Remote RN – Utilization Management – Behavioral Health
Job Overview
- Clinical License RN
- State(s) Nationwide
Requirements and responsibilities
Duration: 4 plus month with possible extension
Location: Fully Remote
Pay Range: $35- 40.00/hr
Review clinical information and apply medical necessity criteria, clinical guidelines, policies, and professional judgment to render coverage determinations and discharge planning decisions.
• Analyze medical records and clinical data to ensure services align with evidence-based standards and quality benchmarks.
• Coordinate and communicate with healthcare providers, internal teams, and external stakeholders to facilitate timely, appropriate care and authorization decisions.
• Conduct concurrent reviews to monitor ongoing inpatient or outpatient treatment and support continuity of care.
• Identify members who may benefit from care management programs and facilitate appropriate referrals.
• Provide urgent or emergent clinical interventions when required, including triage and crisis support.
Educate providers, under appropriate supervision, on utilization management processes, documentation requirements, and applicable guidelines.

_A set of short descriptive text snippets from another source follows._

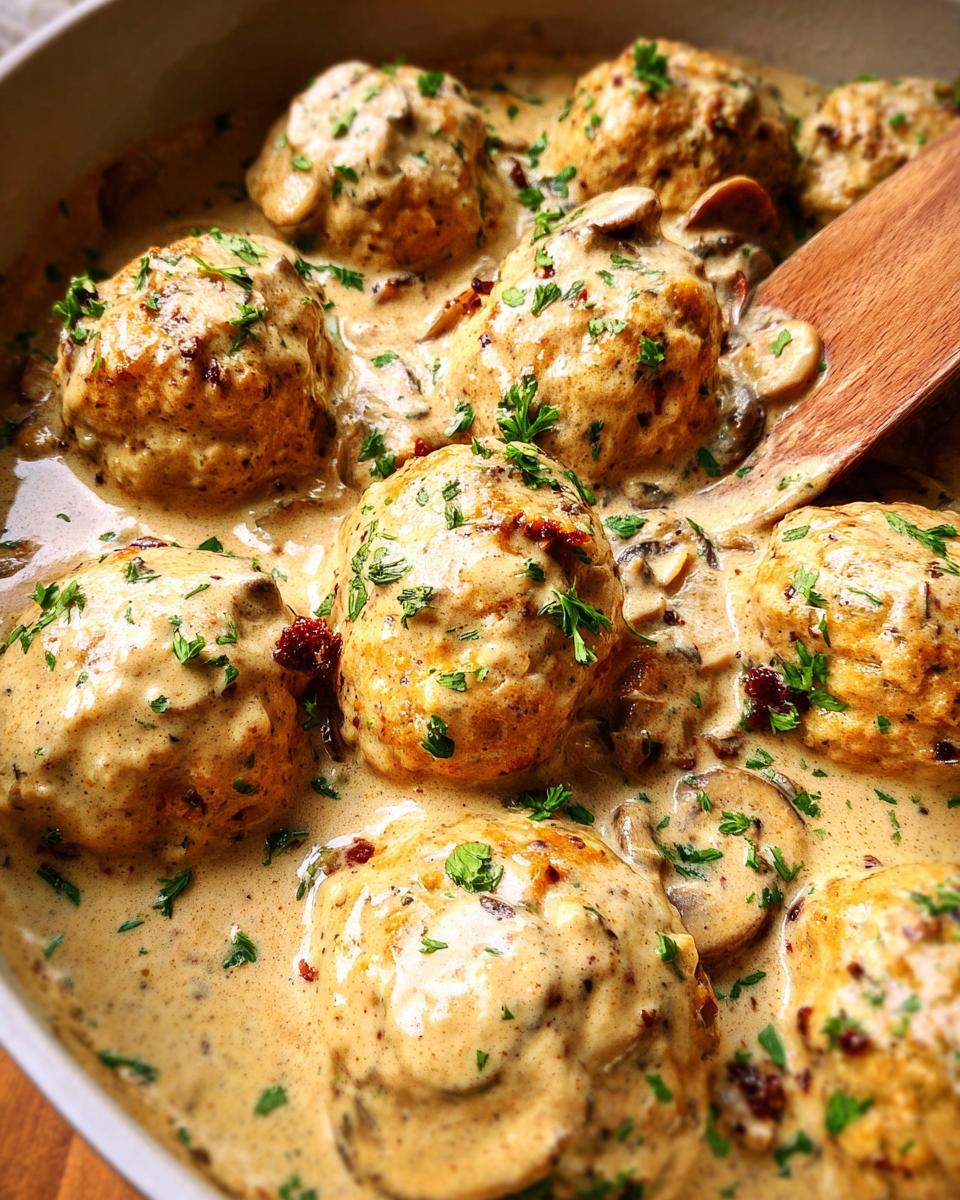 Close-up of delicious Creamy Mushroom Chicken Meatballs simmering in a rich, creamy sauce with mushrooms and parsley.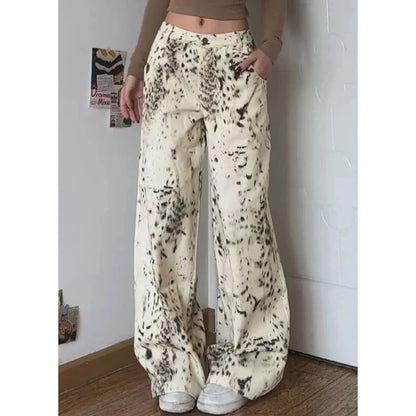 Female Chic Apricot Leopard Print Jeans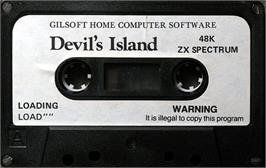 Cartridge artwork for Devil's Island on the Sinclair ZX Spectrum.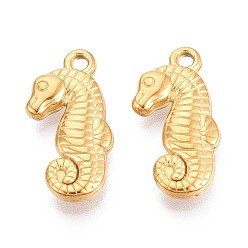 Настоящее золото 18K 304 подвески из нержавеющей стали, очарование морского конька, ионное покрытие (ip), реальный 18 k позолоченный, 20.5x10.5x3 мм, отверстие : 1.6 мм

Standard schedule: Monday–Friday, 8:00 AM–5:00 PM Arizona time.
• Occasional holiday or weekend coverage required through rotation.
1. Behavioral Health Utilization Management
Ability to review clinical information, apply medical necessity guidelines, and make UM decisions (initial, concurrent, and discharge planning).
Includes strong discharge planning skills to support safe, appropriate transitions of care.
2. Clinical Assessment & Critical Thinking
Skilled in evaluating clinical needs, reviewing records, and making sound decisions that balance quality, cost, and member-centered care.
Must have a strong understanding of community behavioral health resources to support referrals and continuity of care.